## Try it
Wherever a picture appears, skip it and retype the rest of the data exactly.

## Dataset section
▼

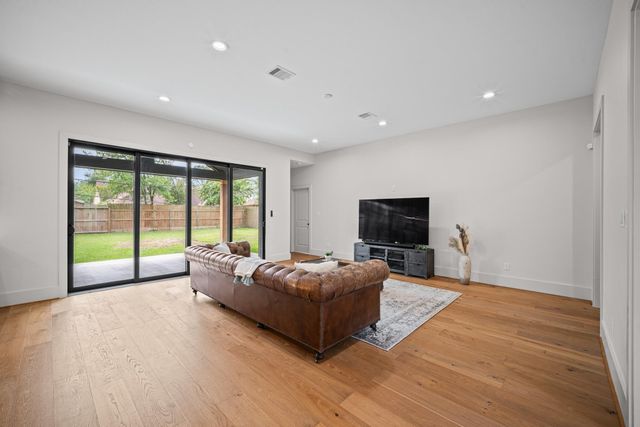 10135 Kerrwood Lane, Houston, TX 77080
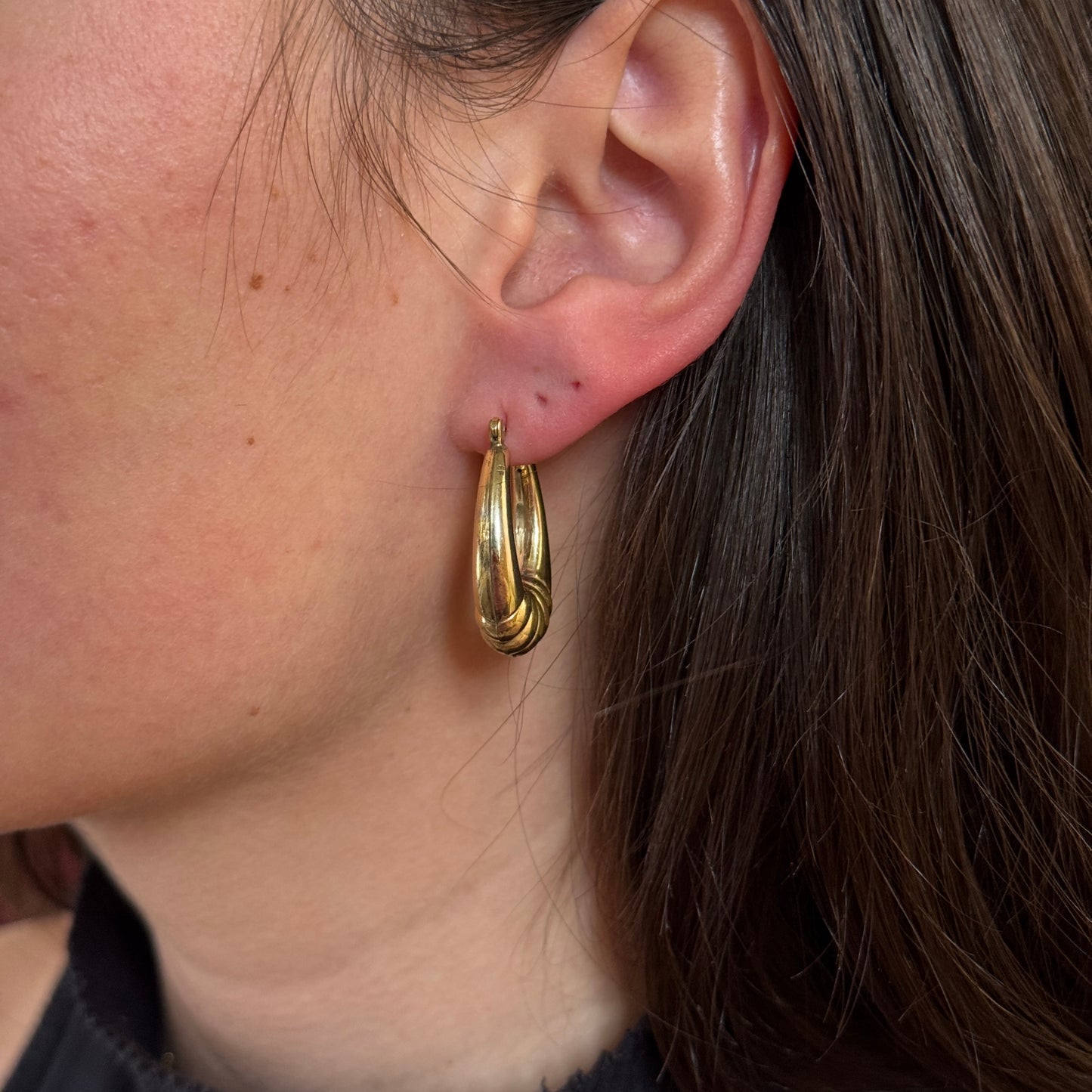 Twisted Hollow Hoops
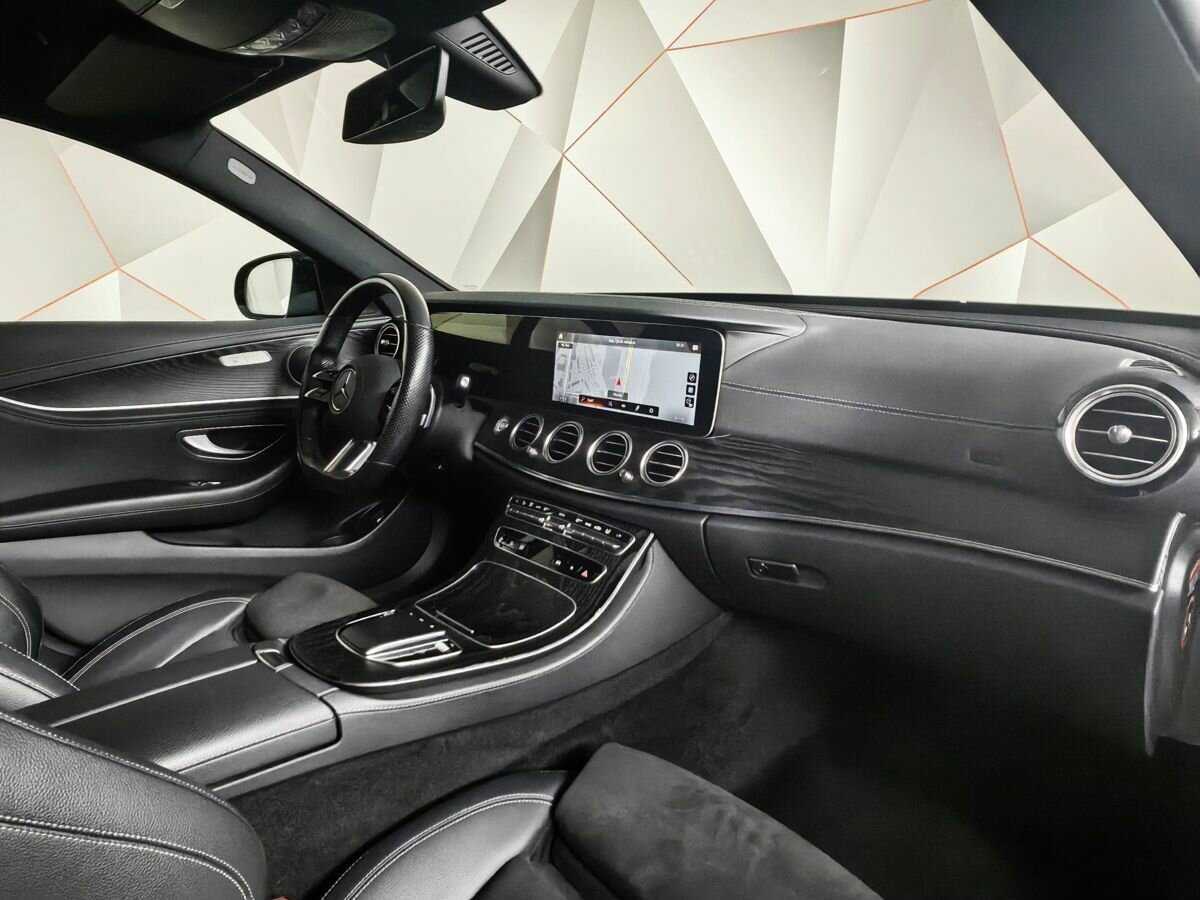 Mercedes-Benz E-Класс 2020 года с пробегом. Фото: #8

▲

## Exercise response
 10135 Kerrwood Lane, Houston, TX 77080
 Twisted Hollow Hoops
 Mercedes-Benz E-Класс 2020 года с пробегом. Фото: #8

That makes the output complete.